Heart Failure Treatment Strategies for Patients with Diabetes

OCTOBER 25, 2016
Jeannette Y. Wick, RPh, MBA, FASCP
The incidence of heart failure (HF) is increasing as the world’s population ages and the rates of other, often comorbid, diseases (eg, diabetes, heart disease, obesity) increase. HF patients are much more likely to have diabetes than the general population, and patients with diabetes are 2.5 times more likely to develop HF and have poorer clinical outcomes than patients without diabetes. Community-based studies even indicate that 30% to 40% of these patients will die within 1 year of diagnosis.

Now, an article published ahead-of-print in Current Diabetes Reports identifies an optimal glycated hemoglobin (A1C) level and recommends therapies for patients with comorbid diabetes and HF.

HF hospitalization and mortality follows a U-shaped curve from low to high A1C values. A summary of 3 trials found mortality is lowest for patients with A1C values between 7.5% and 8%.

Hyperglycemia contributes to chronic HF and worsens acute HF, and certain treatments affect HF’s development and progression. Less than 5% of patients with an A1C value of 7% develop HF, but 72% of patients with an A1C exceeding 10% develop HF.

Large trials investigating the effect of intensive glycemic control on HF outcomes were inconclusive due to low rates of HF in enrolled cohorts. The investigators designed the trials to measure death, non-fatal myocardial infarction, and nonfatal stroke. However, observational studies with sicker patients have found a strong relationship between hyperglycemia and HF-related hospitalizations and mortality.
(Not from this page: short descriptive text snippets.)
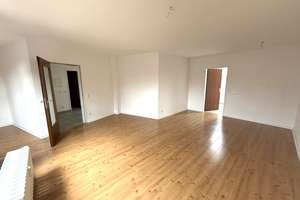 Geräumige Dachgeschoss-Wohnung mit Loggia und Garage in ruhiger Anliegerstraße! – Die vollständige Adresse der Immobilie erhältst du vom Anbieter., 46149 Schwarze Heide, Oberhausen – Vorschaubild 4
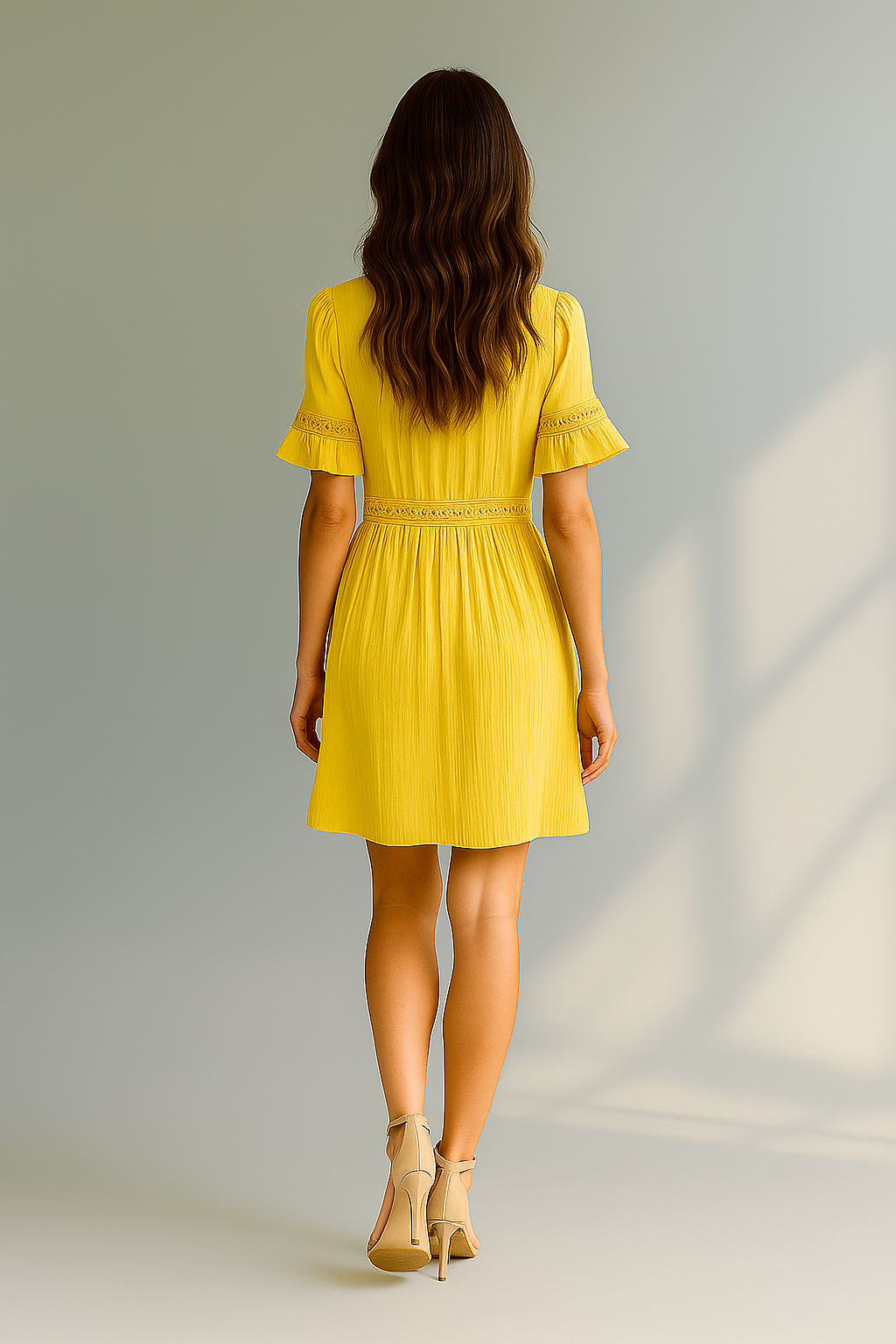 Gul minikjole med blonder, flæseærmer og V-udskæring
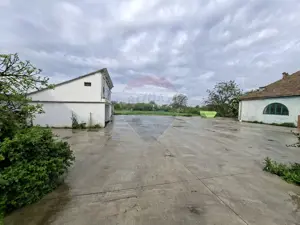 Curte 640 mp betonată în Păuliș | Acces auto + 2 spații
The ASTRONAUT (aliskiren) and EVEREST (tolvaptan) trials found participants with diabetes had higher hospitalization and mortality shortly after discharge for HF. Both trials found patients with diabetes were approximately 20% more likely to have an adverse outcome than the cohort as a whole.

A retrospective analysis of patients with HF and diabetes treated in Veterans Affairs medical centers found metformin users were less likely to die of HF than nonmetformin users. A number of confounding variables exist, including the severity of the patients’ HF and comorbid conditions (especially renal failure). Providers should not avoid using metformin in patients with diabetes and HF unless they are at risk for acute decompensated HF or lactic acidosis.

This review discusses specific drugs:

· An observational study found insulin-dependent diabetics experience staggering HF-related mortality. Only 62.1% of insulin users survived a year after enrollment, but 85.8% of non–insulin-dependent   diabetics were still alive. The most significant influence is diabetes severity; insulin-dependent type 2 diabetics tend to have more serious diabetes and a greater risk of severe hyperglycemia without       insulin.

· The thiazolidinediones pioglitazone and rosiglitazone cause fluid retention and edema through their effect on the kidneys. These medications worsen HF and may increase the risk of HF development.

· The dipeptidyl peptidase-4 inhibitors may increase the risk of HF as a class, but sitagliptin may have no effect. Variable study designs prevent close and clear comparison, and the class may have no     impact in HF after all. Sitagliptin is the preferred class member in patients with comorbid HF at this time.

· The LEADER trial found liraglutide reduced cardiovascular mortality without any negative impact on HF. This may be specific to liraglutide or a class effect, and future study should clarify this                   relationship.

· The EMPA-REG CV outcome trial found empagliflozin decreases HF-related hospitalization and mortality in high-risk patients. The sodium/glucose cotransporter-2 inhibitors promote weight loss, lower   blood pressure, correct hyperglycemia, and create a ketogenic environment. Research is ongoing to determine if the entire class reduces HF outcomes.

 Up to half of HF patients have diabetes. Knowledge about the relationships between antihyperglycemic medications and HF is growing rapidly. Providers need new strategies and an increased                understanding of comorbid diabetes and HF.